SAM has also been applied to video editing (object removal and replacement), augmented reality (real-time object masking), agriculture (crop and weed segmentation), environmental monitoring (wildlife tracking, deforestation mapping), and content creation (automated background removal and image compositing).
Despite its broad capabilities, SAM has several well-documented limitations.
Fine-grained segmentation. SAM struggles with objects that have intricate structures, fine details, or sharp boundaries. Masks for objects with thin protrusions, branching structures (such as retinal blood vessels or tree branches), or complex textures tend to be overly smooth or incomplete.
Low-contrast and camouflaged objects. Objects that blend into their backgrounds or have unclear boundaries pose problems for SAM. This includes camouflaged animals, shadow regions, and medical structures like malignant tumors that lack well-defined edges.
Small objects. SAM's performance degrades on very small objects, particularly when using automatic mask generation with point grid prompts. The 16x spatial downsampling in the image encoder limits the spatial resolution available for detecting fine-scale objects.
Domain-specific performance gaps. While SAM generalizes well across many domains, its zero-shot performance on specialized datasets (medical imaging, satellite imagery, microscopy) often falls short of domain-specific models that have been trained or fine-tuned on relevant data.
Semantic understanding. SAM produces class-agnostic masks; it segments objects without identifying what they are.
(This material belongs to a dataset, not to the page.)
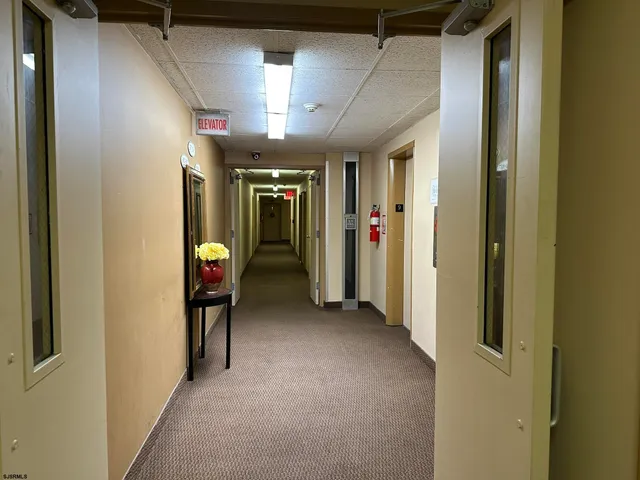 a view of a hallway with wooden shelves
This limits its usefulness for tasks that require both segmentation and classification. SAM 3 addresses this limitation partially through open-vocabulary concept segmentation.
Adversarial robustness. Studies have shown that SAM is moderately resilient against FGSM (Fast Gradient Sign Method) adversarial attacks but vulnerable to PGD (Projected Gradient Descent) attacks, even with very small perturbation magnitudes.
Computational cost. The original SAM with ViT-H requires substantial GPU memory and compute for the image encoder pass, making it impractical for edge and mobile deployment without using a lightweight variant.
SAM has had a broad impact on the computer vision community. The SA-1B dataset has been described as the "ImageNet of segmentation," analogous to how the ImageNet dataset catalyzed progress in image classification a decade earlier. The release of SAM's weights and code under the Apache 2.0 license has enabled extensive follow-up research, with thousands of papers building on or evaluating SAM within two years of its release.
The model demonstrated that the foundation model paradigm, previously validated mainly in NLP and multimodal learning, could be extended to dense prediction tasks like segmentation. This has inspired similar efforts in other areas of computer vision, including depth estimation, object detection, and 3D reconstruction.